### WHAT IS REQUIRED
Set down the whole listing below exactly. The pictures stay out.

### THE DATA
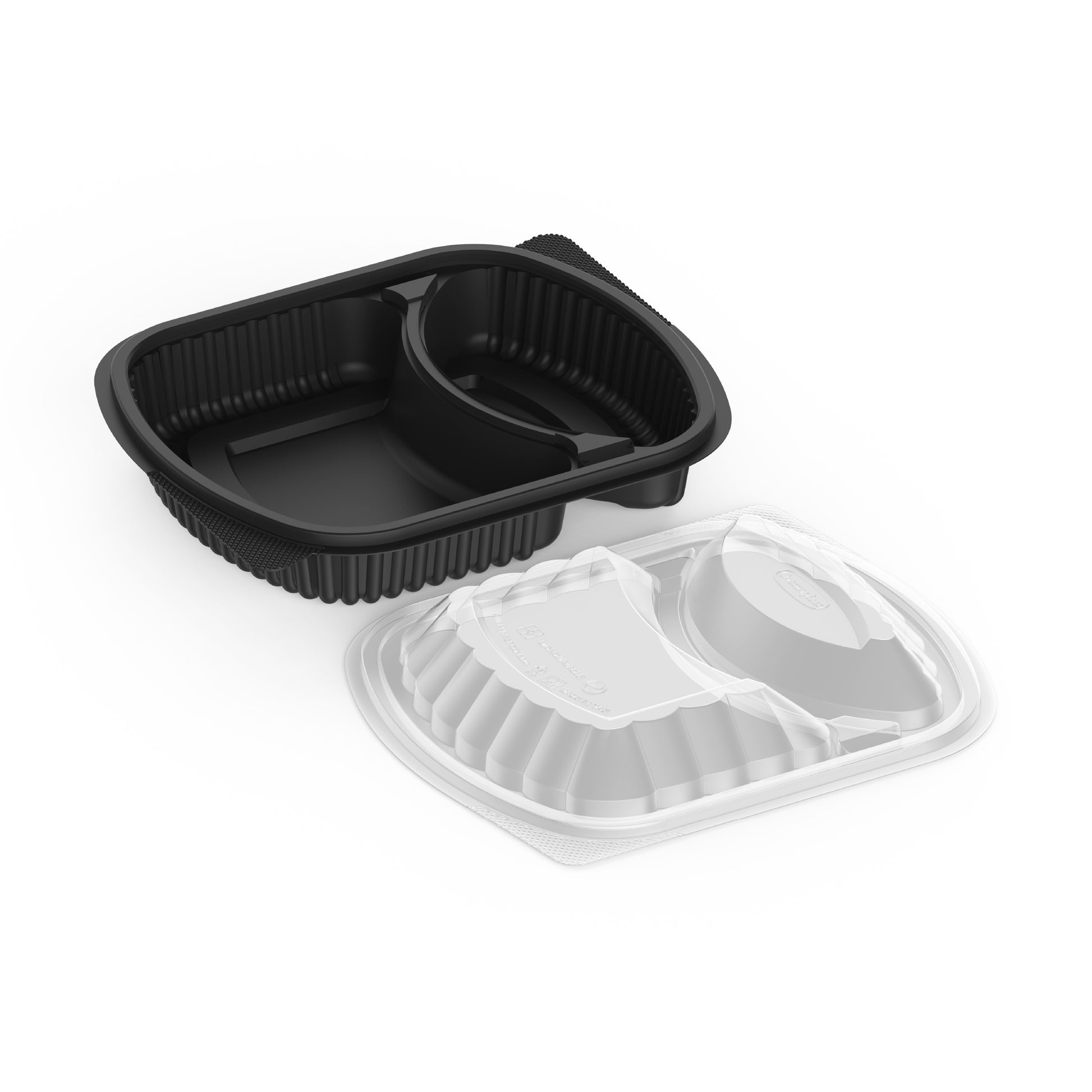 2 Compartments Pack of 10 Black Meal Containers with Clear Lids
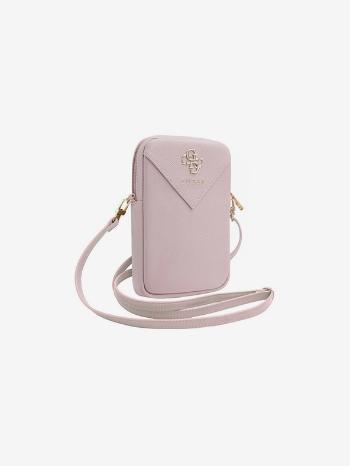 Guess PU Grained 4G Metal Logo Taška na Telefon se Zipem Pink Telefontok Lila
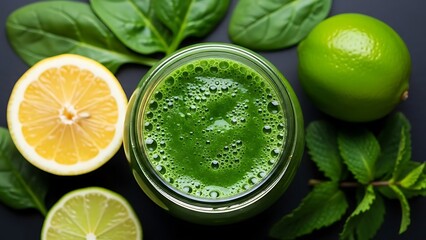 Close up shot of a green smoothie in a glass jar with lemon lime and spinach on a dark surface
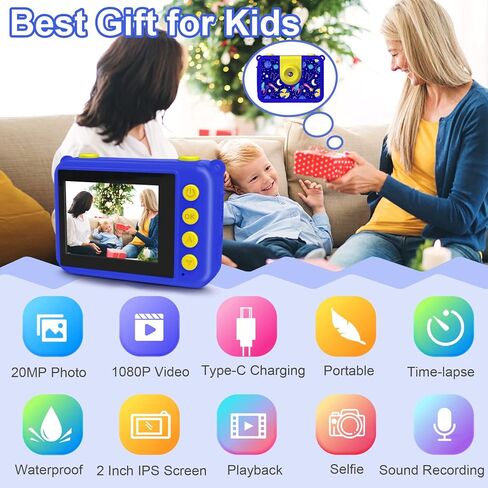 كاميرا GKTZ Kids المقاومة للماء - كاميرا رقمية للأطفال قابلة للدوران 180 بكسل بدقة 1080 بكسل عالية الدقة تحت الماء مع بطاقة SD سعة 32 جيجابايت، ألعاب هدايا عيد ميلاد للفتيات من سن 3 إلى 14 عامًا in Kuwait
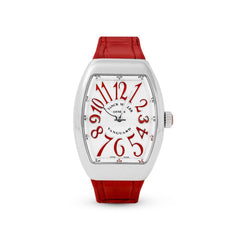 Franck Muller Vanguard V 32 QZ AC.RG (BLC.BLC RG) (White Dial, Red Numbers)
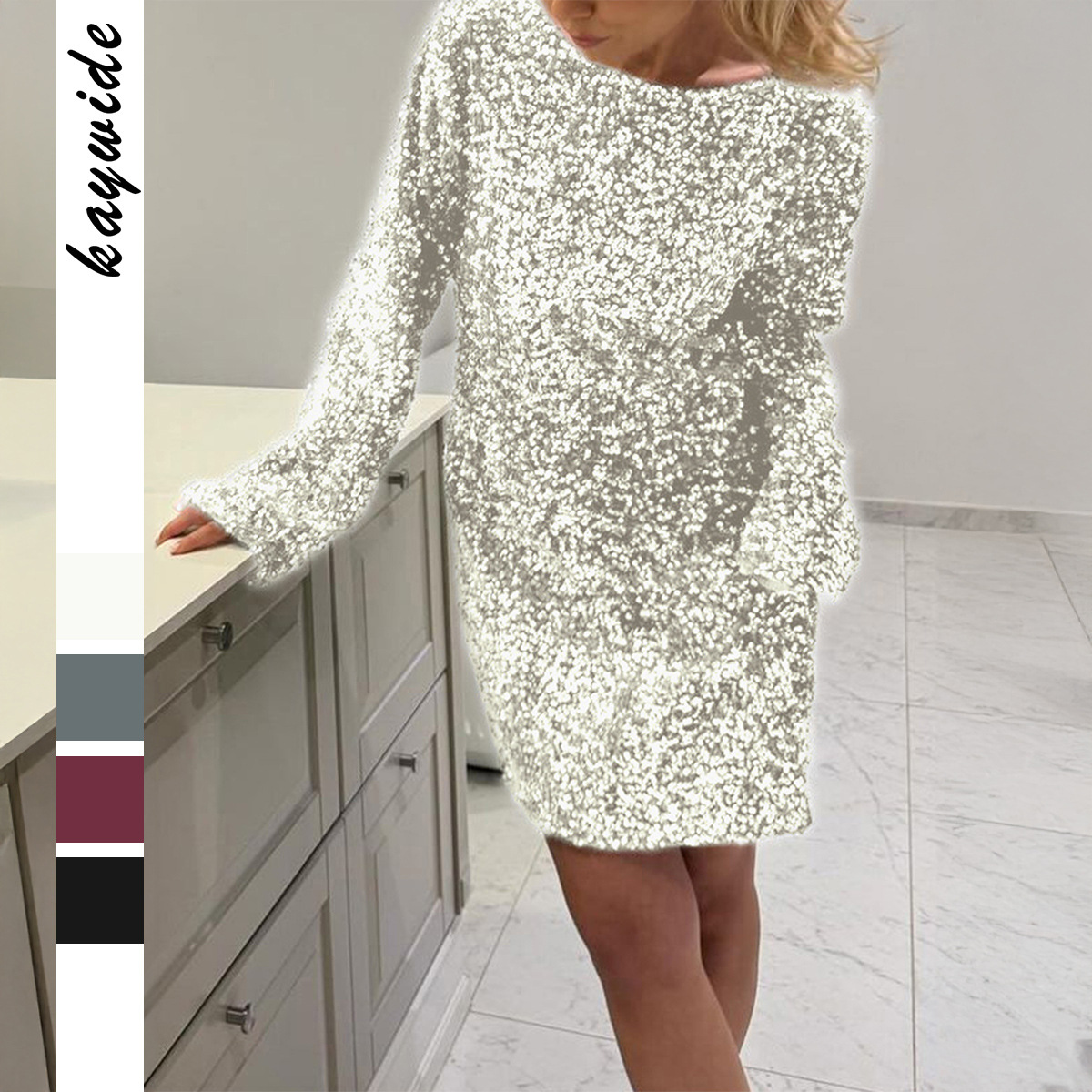 Elegant Sequin Long Sleeve Short Dress for Women Autumn Winter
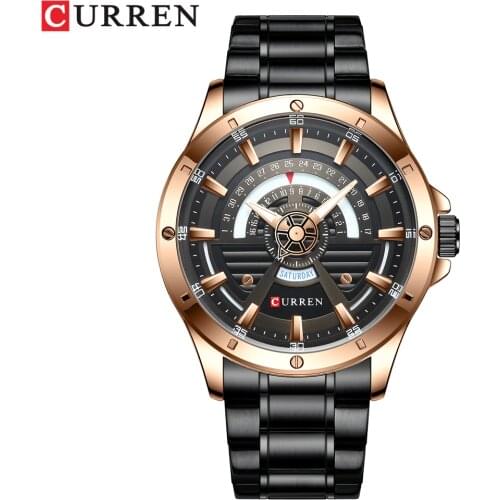 CURREN Mens Brand Watch Gold Waterproof Watch Business Fashion Stainless Steel Mens Watch Premium Gift Jewelry Watch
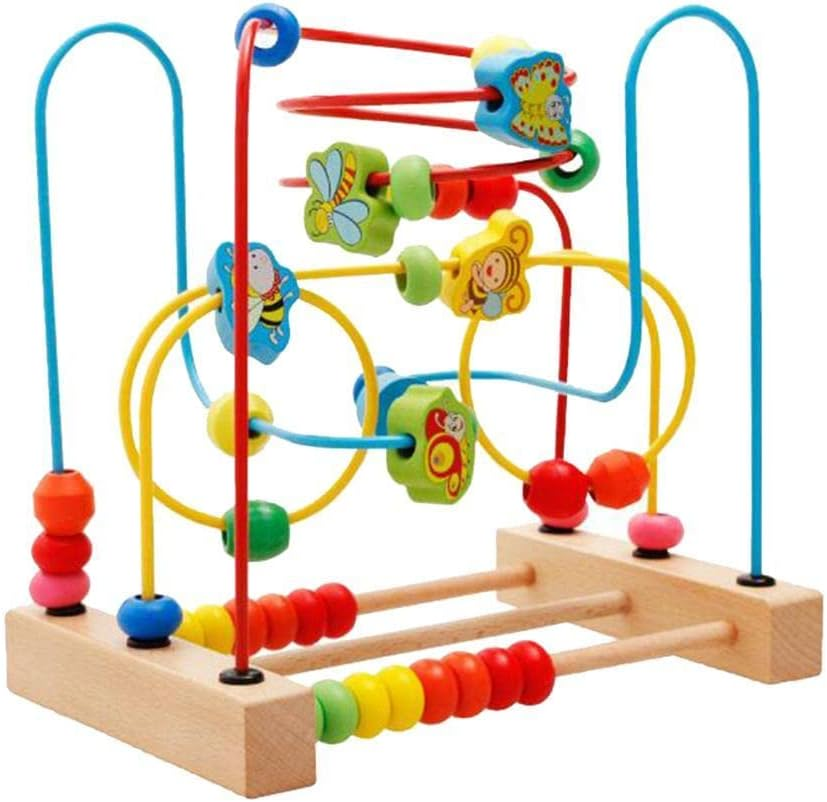 Wooden Baby Math Toy Circles Bead Abacus Maze Montessori Educational Toy image number 1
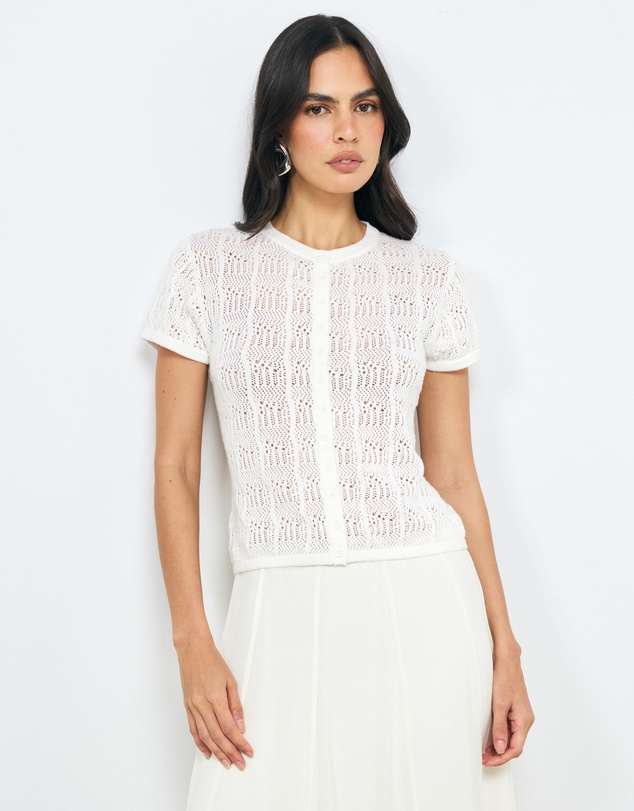 AERE - Lila Organic Cotton Pointelle Knit Top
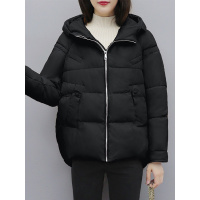 丝柏舍2019冬装女士韩版时尚纯色连帽长袖保暖棉衣S94B6325H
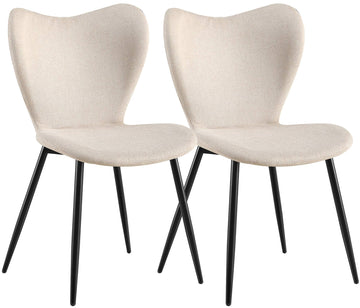 Set van 2 Maika eetkamerstoelen | Kleur: Creme | Afmetingen: 50x58x80 cm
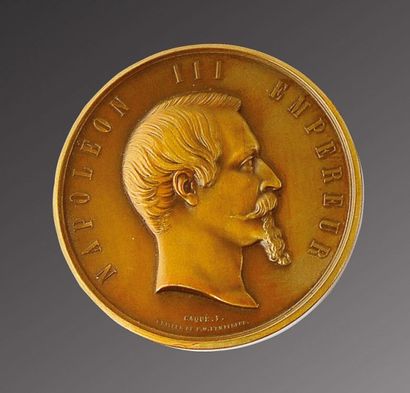 null Napoléon III, empereur des Français. Belle médaille en bronze signée F. Cagué...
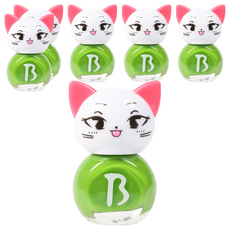 바블리 키즈네일 냥이 스티커형식 어린이매니큐어, 그린핑, 6개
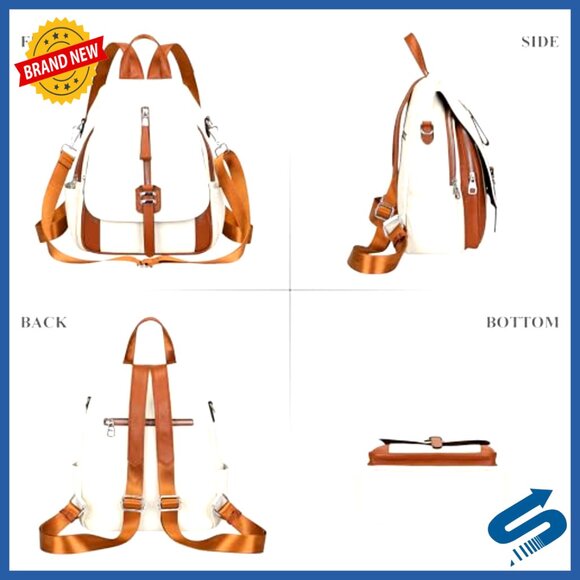 Genuine Leather Convertible Backpack Shoulder Bag with Buckle Flap main image 4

### EXPECTED ANSWER
 2 Compartments Pack of 10 Black Meal Containers with Clear Lids
 Guess PU Grained 4G Metal Logo Taška na Telefon se Zipem Pink Telefontok Lila
 Close up shot of a green smoothie in a glass jar with lemon lime and spinach on a dark surface
 كاميرا GKTZ Kids المقاومة للماء - كاميرا رقمية للأطفال قابلة للدوران 180 بكسل بدقة 1080 بكسل عالية الدقة تحت الماء مع بطاقة SD سعة 32 جيجابايت، ألعاب هدايا عيد ميلاد للفتيات من سن 3 إلى 14 عامًا in Kuwait
 Franck Muller Vanguard V 32 QZ AC.RG (BLC.BLC RG) (White Dial, Red Numbers)
 Elegant Sequin Long Sleeve Short Dress for Women Autumn Winter
 CURREN Mens Brand Watch Gold Waterproof Watch Business Fashion Stainless Steel Mens Watch Premium Gift Jewelry Watch
 Wooden Baby Math Toy Circles Bead Abacus Maze Montessori Educational Toy image number 1
 AERE - Lila Organic Cotton Pointelle Knit Top
 丝柏舍2019冬装女士韩版时尚纯色连帽长袖保暖棉衣S94B6325H
 Set van 2 Maika eetkamerstoelen | Kleur: Creme | Afmetingen: 50x58x80 cm
 null Napoléon III, empereur des Français. Belle médaille en bronze signée F. Cagué...
 바블리 키즈네일 냥이 스티커형식 어린이매니큐어, 그린핑, 6개
 Genuine Leather Convertible Backpack Shoulder Bag with Buckle Flap main image 4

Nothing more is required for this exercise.